Vu la décision de M. [Q] [D] prononçant le placement en rétention de l'intéressé ;
Vu la décision rendue par le juge du tribunal judiciaire de Metz prononçant le maintien en rétention de l'intéressé;
Vu la requête de M. [I] [L] [D] saisissant le juge du tribunal judiciaire de Metz tendant à la prolongation du maintien de l'intéressé dans des locaux ne relevant pas de l'administration pénitentiaire;
Vu l'ordonnance rendue le à 11h44 par le juge du tribunal judiciaire de Metz ordonnant la prolongation de la rétention dans les locaux ne relevant pas de l'administration pénitentiaire jusqu'au 12 juillet 2026 inclus;
Vu l'acte d'appel de l'association assfam ' groupe sos pour le compte de M. [U] [S] interjeté par courriel du 19 juin 2026 à 15h52 contre l'ordonnance ayant statué sur la prolongation de la mesure de rétention administrative ;
M. [U] [S], M. [I] [L] [D] et le parquet général ont été informés chacun le 19 juin 2026 à 16h16, de la possibilité de faire valoir leurs observations sur le caractère manifestement irrecevable de l'appel, en application des dispositions de l'article R 743-14 du code de l'entrée et du séjour des étrangers et du droit d'asile qui prévoit que lorsque le premier président de la cour d'appel ou son délégué envisage de rejeter une déclaration d'appel comme manifestement irrecevable, il recueille par tout moyen les observations des parties sur cette irrecevabilité.

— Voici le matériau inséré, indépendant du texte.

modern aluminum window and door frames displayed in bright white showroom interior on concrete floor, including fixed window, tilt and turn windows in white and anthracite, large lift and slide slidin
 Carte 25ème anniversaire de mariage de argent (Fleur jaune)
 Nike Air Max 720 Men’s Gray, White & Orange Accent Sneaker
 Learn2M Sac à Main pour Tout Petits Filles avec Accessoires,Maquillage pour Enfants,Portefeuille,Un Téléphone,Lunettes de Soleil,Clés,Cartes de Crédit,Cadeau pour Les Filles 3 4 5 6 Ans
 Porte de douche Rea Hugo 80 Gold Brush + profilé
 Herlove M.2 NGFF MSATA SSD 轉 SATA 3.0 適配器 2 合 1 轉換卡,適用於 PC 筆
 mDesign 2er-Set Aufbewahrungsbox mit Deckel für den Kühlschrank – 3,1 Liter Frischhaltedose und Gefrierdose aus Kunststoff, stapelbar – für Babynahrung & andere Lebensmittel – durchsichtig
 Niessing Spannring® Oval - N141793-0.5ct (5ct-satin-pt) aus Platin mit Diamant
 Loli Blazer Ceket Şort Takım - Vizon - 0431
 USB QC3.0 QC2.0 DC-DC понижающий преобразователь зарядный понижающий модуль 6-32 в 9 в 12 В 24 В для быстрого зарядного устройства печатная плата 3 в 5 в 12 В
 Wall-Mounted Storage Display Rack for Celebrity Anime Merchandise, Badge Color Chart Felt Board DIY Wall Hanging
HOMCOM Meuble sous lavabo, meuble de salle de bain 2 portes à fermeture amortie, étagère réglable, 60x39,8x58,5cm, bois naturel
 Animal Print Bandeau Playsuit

Par courriel reçu le 19 juin 2026 à 17h57, M. [U] [S] via son conseil, Maître Julien GRANDCLAUDE, a fait les observations suivantes : 'Il est soulevé au soutien de son appel l'irrecevabilité de la requête et plus précisément l'obligation pour la requête d'être motivée, datée, signée et accompagnée des pièces justificatives utiles. Il est nécessaire de s'assurer que la requête est recevable.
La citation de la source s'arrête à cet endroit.